There’s only a handful of us left now. It was easy in the beginning; all we had to do was nod and smile, as everyone we knew babbled happily and incessantly about this thing they’d found, this great idea, this awesome machine that would provide the answer to everything.
They’d wait for us to contribute our insights, and then confusion and disappointment would set in when, backed into a corner, we’d finally had to admit we had no clue, not even what it was called.
Sometimes there was sympathy, but as the factories roared to life, there was more and more resentment, guarded talk about “not pulling our weight” until finally we were openly treated like morons, not fit to perform even menial tasks for the “Cause”.

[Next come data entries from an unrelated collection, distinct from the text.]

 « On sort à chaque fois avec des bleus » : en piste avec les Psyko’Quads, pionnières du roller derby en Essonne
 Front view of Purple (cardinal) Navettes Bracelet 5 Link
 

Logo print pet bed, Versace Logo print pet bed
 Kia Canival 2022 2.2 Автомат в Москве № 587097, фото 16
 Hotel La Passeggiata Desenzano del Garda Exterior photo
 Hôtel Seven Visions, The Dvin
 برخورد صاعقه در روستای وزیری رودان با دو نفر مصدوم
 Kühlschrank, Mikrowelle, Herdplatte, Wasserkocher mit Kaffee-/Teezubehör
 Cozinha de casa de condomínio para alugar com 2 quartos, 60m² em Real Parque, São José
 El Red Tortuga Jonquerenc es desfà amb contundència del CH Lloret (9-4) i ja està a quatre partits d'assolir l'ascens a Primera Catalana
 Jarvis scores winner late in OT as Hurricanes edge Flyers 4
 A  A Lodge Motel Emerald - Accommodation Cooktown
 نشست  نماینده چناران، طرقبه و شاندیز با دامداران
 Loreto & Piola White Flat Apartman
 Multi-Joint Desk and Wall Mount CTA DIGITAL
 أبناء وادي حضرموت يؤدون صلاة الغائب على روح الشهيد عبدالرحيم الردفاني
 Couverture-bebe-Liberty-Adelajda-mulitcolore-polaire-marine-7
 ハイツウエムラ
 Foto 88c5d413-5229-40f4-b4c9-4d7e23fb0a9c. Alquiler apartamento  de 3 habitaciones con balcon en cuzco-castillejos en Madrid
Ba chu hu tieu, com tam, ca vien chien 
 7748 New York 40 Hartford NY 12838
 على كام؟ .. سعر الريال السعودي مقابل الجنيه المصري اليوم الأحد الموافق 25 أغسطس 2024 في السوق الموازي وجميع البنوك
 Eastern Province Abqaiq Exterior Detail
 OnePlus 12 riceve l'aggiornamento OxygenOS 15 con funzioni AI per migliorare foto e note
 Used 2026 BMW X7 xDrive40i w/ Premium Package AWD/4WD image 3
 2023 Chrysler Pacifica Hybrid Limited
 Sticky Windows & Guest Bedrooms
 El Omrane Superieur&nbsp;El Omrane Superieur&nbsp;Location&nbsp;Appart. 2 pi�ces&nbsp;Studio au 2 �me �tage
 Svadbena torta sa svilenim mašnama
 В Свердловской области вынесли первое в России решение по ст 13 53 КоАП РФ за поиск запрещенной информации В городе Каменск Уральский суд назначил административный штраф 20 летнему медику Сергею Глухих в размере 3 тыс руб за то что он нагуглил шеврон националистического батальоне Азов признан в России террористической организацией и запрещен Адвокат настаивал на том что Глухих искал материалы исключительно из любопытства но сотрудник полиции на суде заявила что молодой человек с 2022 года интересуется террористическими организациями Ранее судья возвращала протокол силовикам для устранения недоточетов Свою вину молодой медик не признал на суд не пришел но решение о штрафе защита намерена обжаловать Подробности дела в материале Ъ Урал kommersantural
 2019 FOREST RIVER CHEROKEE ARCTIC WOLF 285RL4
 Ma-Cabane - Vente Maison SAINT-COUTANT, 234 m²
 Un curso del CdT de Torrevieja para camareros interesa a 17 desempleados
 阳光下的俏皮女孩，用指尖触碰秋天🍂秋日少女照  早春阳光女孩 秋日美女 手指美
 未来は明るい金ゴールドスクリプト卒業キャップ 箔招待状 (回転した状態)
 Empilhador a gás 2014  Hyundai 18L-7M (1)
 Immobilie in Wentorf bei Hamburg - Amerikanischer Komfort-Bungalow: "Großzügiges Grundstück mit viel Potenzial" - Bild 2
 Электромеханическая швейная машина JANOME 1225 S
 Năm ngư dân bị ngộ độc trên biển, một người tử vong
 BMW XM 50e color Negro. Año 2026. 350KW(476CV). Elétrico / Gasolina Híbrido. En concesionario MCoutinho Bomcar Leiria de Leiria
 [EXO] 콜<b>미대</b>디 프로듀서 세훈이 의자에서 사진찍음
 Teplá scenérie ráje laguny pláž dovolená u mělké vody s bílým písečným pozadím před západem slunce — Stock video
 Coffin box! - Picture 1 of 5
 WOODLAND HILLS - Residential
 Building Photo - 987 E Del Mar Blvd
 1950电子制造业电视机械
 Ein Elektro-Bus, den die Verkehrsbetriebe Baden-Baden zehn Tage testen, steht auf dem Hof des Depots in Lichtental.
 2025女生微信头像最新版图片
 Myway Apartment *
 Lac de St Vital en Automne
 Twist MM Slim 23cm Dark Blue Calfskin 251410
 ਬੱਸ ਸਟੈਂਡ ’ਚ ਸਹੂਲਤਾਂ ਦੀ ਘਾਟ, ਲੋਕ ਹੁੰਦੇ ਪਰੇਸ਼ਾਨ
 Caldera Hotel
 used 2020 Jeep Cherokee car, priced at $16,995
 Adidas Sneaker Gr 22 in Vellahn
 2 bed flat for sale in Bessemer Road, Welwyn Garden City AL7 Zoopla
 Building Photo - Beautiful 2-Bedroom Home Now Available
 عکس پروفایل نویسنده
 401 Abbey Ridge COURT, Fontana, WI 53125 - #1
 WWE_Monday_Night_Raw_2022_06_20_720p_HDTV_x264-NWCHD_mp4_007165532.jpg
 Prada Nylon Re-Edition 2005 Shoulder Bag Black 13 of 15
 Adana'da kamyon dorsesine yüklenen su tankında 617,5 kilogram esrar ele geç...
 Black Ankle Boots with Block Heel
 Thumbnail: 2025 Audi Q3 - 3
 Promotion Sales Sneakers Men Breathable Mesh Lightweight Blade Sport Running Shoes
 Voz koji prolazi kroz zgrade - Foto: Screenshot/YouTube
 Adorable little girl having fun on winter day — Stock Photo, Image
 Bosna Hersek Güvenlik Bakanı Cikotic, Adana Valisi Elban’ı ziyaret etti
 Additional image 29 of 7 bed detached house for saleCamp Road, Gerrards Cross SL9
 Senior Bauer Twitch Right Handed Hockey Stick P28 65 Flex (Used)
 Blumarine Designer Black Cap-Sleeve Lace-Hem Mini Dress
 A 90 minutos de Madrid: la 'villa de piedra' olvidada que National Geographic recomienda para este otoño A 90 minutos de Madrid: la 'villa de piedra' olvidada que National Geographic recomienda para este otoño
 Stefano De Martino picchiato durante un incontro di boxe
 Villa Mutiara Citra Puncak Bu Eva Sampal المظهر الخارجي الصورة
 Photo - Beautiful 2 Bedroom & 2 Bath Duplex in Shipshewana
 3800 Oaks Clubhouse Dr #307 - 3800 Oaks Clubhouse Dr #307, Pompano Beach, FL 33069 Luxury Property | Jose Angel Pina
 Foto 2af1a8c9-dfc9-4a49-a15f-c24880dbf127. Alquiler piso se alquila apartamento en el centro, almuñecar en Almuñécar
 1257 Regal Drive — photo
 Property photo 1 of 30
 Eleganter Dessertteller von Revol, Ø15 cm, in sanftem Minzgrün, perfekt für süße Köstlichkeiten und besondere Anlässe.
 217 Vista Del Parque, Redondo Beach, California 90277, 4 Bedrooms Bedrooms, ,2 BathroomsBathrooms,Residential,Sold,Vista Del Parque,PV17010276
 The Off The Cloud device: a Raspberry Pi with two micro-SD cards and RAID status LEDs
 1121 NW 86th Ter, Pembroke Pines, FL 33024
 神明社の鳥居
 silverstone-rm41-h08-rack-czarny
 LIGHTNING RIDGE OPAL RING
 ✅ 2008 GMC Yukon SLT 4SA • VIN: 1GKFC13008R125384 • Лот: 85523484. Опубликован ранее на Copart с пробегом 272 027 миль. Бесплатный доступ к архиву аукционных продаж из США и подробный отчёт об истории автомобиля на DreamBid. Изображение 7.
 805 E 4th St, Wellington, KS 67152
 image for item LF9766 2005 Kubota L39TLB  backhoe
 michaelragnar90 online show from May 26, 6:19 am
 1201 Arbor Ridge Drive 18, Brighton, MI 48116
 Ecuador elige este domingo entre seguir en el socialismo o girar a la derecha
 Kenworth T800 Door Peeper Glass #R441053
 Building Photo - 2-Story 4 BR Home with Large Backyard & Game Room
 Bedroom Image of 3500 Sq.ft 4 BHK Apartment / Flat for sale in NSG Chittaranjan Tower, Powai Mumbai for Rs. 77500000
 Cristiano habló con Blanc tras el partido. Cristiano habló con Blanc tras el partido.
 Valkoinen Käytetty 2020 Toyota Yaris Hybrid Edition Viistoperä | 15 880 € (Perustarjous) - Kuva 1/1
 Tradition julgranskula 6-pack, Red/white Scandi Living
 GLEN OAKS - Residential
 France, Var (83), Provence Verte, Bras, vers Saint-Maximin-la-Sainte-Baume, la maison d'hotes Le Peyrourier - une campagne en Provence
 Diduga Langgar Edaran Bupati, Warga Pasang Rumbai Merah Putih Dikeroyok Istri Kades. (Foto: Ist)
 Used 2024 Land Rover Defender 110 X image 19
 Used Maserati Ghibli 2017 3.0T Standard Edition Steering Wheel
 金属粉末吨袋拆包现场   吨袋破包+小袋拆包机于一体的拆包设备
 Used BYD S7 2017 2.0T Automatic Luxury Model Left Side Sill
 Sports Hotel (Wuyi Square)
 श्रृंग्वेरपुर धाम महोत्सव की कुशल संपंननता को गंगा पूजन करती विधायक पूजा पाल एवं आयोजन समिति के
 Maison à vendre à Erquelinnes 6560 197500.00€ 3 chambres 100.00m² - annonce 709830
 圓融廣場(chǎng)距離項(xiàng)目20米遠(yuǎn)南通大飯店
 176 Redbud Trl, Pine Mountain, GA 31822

When it became obvious (to them, at least) that the construction required human sacrifice – then we were fair game at last.
Some of us escaped the camps, living in ditches and begging where we could. Unable to bluff any further, we could at least recognise each other and join up, whilst the rest of the world went to hell in a handbasket.
So now it’s dark. The house I’m in with four others has no water or electricity, but we should be safe for the moment – I don’t think the patrols come out this far. But I keep wondering to myself – what will happen when they’re done? I asked my wife once, near the beginning – “What does it do? What’s it for?”
All she did was look at me, and I never got an answer. I don’t think they know. The whole world is building this thing, and I don’t think they have the first clue. God help us all.